Museumsmitarbeiter Stefan Tiedtke schließlich führte die Teilnehmer eines vierten Workshops durch die Teile der Dauerausstellung des Historischen Museums, die sich mit dem NS beschäftigten. Es schloss sich ein Rundgang durch die Sonderausstellung „Stadtbilder 1939-1960“ an. Besonderes Interesse weckte hier die Entstehung des Maschsees. Bereits vor 1933 geplant, wurde sie in den dreißiger Jahren realisiert und noch heute ranken sich zahlreiche Mythen darum.
Umfrage des NGLV zu Kerncurriculum und Zentralabitur 2013
Im zweiten Vortrag des Vormittags berichteten Vorstandsmitglieder über die Auswertungsergebnisse der Umfrage des NGLV zur Arbeit mit dem KC Sek II und dem Zentralabitur 2013. Hier waren die Fragebögen von 62 Fachgruppen eingegangen und bildeten eine valide Grundlage. Deutlich wurde, dass das Kerncurriculum mehrheitlich abgelehnt wird. Die Arbeit in den einzelnen Semestern hingegen wurde weit positiver beurteilt. Eine Ausnahme bildet jedoch das vierte Semester, das deutlich schlechtere Werte erhielt. Der allerorten bemerkte Fortschritt in der Aufgabenstellung des Zentralabiturs 2013, vor allem gegenüber den vielfach kritisierten Aufgaben des Vorjahres, konnte ebenfalls klar herausgearbeitet werden. Die Ergebnisse sind im Detail unter HIER abrufbar. Für die Landesschulbehörde nahmen die Fachberater StD Peter Heldt (Wolfenbüttel) und StD Achim Zeuch (Stade) kurz zu den Ergebnissen Stellung.

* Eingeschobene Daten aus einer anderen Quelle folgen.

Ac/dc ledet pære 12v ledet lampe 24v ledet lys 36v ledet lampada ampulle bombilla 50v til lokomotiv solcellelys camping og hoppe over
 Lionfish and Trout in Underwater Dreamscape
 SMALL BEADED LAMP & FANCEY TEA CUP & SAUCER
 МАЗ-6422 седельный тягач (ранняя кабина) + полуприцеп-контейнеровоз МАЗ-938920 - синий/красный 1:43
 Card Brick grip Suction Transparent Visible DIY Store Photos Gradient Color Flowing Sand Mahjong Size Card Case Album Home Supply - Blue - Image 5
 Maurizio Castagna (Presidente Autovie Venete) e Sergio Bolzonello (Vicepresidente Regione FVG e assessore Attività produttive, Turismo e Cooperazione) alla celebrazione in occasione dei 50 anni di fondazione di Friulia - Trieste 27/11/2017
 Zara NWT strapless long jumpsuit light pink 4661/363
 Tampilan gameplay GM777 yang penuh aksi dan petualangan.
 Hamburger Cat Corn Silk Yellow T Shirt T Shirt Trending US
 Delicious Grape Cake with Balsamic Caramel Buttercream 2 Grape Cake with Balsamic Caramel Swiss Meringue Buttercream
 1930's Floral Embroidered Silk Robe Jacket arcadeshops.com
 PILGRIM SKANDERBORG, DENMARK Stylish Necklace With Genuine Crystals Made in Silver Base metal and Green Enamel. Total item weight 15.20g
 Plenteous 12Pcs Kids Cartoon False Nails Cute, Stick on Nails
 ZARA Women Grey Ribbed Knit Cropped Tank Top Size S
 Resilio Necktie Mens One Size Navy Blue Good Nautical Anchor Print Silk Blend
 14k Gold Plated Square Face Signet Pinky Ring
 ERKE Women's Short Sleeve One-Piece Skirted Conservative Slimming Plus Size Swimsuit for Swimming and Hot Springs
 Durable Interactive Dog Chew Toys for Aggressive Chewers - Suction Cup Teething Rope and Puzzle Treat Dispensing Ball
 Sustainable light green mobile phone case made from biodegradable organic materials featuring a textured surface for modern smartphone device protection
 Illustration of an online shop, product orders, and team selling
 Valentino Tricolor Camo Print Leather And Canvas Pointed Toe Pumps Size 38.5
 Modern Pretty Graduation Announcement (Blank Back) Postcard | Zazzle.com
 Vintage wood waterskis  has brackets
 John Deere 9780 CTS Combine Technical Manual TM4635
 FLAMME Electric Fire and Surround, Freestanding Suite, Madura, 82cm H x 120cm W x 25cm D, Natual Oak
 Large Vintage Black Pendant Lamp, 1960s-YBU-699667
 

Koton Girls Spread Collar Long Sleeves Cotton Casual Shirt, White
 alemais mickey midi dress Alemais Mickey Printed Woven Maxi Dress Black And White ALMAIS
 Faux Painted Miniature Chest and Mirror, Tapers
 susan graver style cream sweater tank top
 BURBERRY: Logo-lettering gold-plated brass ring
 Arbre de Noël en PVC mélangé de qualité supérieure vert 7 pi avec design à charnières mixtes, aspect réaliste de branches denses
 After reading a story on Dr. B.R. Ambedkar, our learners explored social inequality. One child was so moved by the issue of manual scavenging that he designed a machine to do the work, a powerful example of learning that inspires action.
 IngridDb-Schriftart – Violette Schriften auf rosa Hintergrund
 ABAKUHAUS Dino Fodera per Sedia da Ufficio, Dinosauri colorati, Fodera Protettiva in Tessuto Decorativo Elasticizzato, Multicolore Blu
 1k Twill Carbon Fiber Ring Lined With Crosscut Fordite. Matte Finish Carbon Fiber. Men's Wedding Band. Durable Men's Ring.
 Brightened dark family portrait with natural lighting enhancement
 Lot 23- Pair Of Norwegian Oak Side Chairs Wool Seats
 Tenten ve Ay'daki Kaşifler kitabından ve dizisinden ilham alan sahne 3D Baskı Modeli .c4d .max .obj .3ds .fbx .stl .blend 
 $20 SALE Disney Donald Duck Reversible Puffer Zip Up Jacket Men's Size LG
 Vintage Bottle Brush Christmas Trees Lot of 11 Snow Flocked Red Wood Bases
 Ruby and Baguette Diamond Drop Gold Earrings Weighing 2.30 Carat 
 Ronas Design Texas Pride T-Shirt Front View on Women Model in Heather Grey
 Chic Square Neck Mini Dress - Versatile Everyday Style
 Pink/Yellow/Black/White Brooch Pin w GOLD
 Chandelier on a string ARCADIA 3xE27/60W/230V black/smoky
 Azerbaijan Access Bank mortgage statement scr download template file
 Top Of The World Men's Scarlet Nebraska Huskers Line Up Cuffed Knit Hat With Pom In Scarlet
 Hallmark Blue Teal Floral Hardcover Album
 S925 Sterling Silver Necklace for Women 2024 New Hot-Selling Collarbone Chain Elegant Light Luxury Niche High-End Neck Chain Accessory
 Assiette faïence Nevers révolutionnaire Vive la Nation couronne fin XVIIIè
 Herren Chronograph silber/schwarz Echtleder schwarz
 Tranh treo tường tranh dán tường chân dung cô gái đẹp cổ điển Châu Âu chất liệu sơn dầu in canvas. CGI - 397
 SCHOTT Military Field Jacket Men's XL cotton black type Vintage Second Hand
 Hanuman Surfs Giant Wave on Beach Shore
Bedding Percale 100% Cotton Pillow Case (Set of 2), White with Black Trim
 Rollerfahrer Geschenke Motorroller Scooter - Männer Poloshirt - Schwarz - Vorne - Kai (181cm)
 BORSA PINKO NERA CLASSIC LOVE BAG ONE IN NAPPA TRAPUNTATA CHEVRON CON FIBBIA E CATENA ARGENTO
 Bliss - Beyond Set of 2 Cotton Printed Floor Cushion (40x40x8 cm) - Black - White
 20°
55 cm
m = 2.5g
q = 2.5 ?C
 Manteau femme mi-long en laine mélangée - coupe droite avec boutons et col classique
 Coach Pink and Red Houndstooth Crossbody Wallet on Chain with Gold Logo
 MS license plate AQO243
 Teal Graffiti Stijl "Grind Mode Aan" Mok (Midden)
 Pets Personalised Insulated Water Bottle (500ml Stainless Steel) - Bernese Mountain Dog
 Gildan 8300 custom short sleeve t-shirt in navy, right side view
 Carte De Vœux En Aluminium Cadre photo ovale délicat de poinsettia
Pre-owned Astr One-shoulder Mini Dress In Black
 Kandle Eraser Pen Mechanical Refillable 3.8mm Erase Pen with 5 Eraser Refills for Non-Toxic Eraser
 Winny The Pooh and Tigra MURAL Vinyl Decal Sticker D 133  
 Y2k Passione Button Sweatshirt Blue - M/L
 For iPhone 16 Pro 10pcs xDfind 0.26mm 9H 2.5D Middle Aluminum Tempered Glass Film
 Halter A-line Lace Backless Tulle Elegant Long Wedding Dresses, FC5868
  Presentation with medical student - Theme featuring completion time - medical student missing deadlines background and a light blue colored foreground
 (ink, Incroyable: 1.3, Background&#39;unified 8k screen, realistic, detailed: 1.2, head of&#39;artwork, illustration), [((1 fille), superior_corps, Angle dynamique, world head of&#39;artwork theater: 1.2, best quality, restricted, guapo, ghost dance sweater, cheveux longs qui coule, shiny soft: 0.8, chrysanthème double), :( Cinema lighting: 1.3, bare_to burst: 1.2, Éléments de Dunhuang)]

Verabschiedung von Dr. Martin Stupperich
Eine große Veränderung brachte die abschließende Mitgliederversammlung des NGLV. Nach elf Jahren legte Dr. Martin Stupperich das Amt des Vorsitzenden nieder. Der NGLV in der heutigen Gestalt, d.h. die Fülle der Angebote an seine Mitglieder und andere Fachkolleginnen und -kollegen ist im Wesentlichen sein Werk. Gemeinsam mit seiner Frau Amrei hat er sich die Interessenvertretung immer eine Herzenssache sein lassen und sie auf verschiedenen Ebenen, in Gestalt von Publikationen, der Vertretung des Landes- im Bundesverband, vor allem aber in der Organisation von Tagungen umgesetzt. Folgerichtig verlieh ihm die Mitgliederversammlung den Titel eines „Ehrenvorsitzenden“. Zum neuen Ersten Vorsitzenden wurde StD Dr. Johannes Heinßen (Stade) gewählt. Seine Stellvertreter sind StD Dr. Hans-Joachim Müller (Delmenhorst) und StR Dr. Axel Ehlers (Hannover). Zum neuen Schatzmeister wurde Heinrich Sperling (Stuhr) gewählt. Neue Regionalvertreter wurden Eberhard Borrmann (Lüneburg) und Dr. Johannes Etmanski (Grafschaft Bentheim). Die weiteren Mitglieder des erweiterten Landesvorstandes wurden im Amt bestätigt.